Tak hanya negara tujuan ekspor yang meningkatkan kewaspadaan fitosanitari, hal serupa juga mulai ditingkatkan di Indonesia untuk menghindari penyebaran OPT asal negara lain. Karenanya, tanaman hias yang siap dikirim ke luar negeri harus dijamin bebas OPT dengan phytosanitary certificate (PC) dan phytosanitary certificate re-export jika pengiriman harus transit di negara lain terlebih dahulu.
"Syarat fitosanitari ini berlaku dari hulu hingga hilir. Jadi, dari tempat budi daya atau produksi tanaman hiasnya juga harus bebas OPT yang diwaspadai negara tujuan, yakni pest free area (PFA), atau pest free places of production (PFPP), atau pest free production site (PFPS). Semuanya harus dilaksanakan secara efektif di lapangan," paparnya.
Aulia melanjutkan, persyaratan yang berlaku di setiap negara berbeda dan harus diikuti. Misalnya, pengiriman tanaman hias bebas tanah atau media tanam; tidak boleh rusak atau busuk; bebas dari bagian tanaman yang tidak dikehendaki, seperti Jepang dan Korea Selatan yang melarang beberapa jenis tanaman hias dikirim dengan akarnya untuk menghindari nematoda; kemasan harus bersih dan baru; disertai informasi yang ditentukan.

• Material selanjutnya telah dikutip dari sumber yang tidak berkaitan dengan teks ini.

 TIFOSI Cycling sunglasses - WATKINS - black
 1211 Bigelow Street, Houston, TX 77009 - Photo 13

Persyaratan fitosanitari menjadi penting lantaran didasari pengalaman beberapa negara yang mengalami penyebaran OPT. Apalagi, OPT yang tersebar di negara tujuan ekspor bisa saja lebih berbahaya dibandingkan negara asalnya mengingat setiap negara memiliki kondisi alam berbeda.

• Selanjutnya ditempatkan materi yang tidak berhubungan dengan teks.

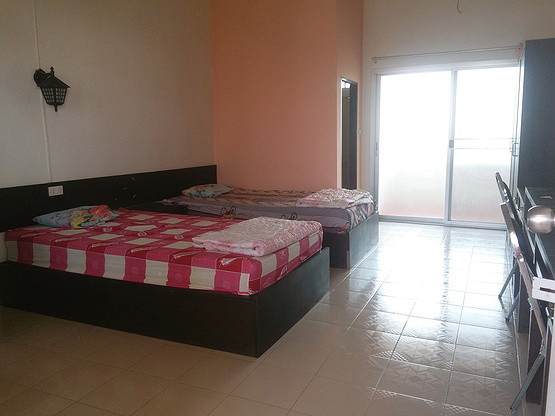 Condo — photo 5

"Kalau ada persyaratan fitosanitari yang tidak terpenuhi, maka eksportir akan mendapatkan beberapa tindakan bertahap dari negara tujuan ekspor, mulai dari notification of non-compliance (NNC), penolakan, pemusnahan, perlakuan ulang, dan paling fatal penutupan akses pasar," ujar Aulia.
NNC adalah peringatan dari negara tujuan ekspor kepada eksportir karena adanya persyaratan fitosanitari tidak sesuai. Biasanya bersamaan dengan NNC, maka tanaman hias akan mengalami penolakan agar tanaman kembali dikirim ke negara asal. Jika dalam jangka waktu yang telah ditetapkan belum juga dikembalikan, tanaman hias akan dimusnahkan di negara tujuan ekspor. Jika kejadian tersebut berulang, negara tujuan ekspor akan menutup akses pasar.
"Contoh paling akhir adalah penutupan akses pasar beberapa tanaman hias ke Taiwan. Ini awalnya kita beberapa kali mendapat NNC dari Taiwan di tahun 2020 dan dampaknya saat ini pasar ekspor beberapa jenis tanaman hias kita tidak boleh masuk Taiwan," pungkasnya.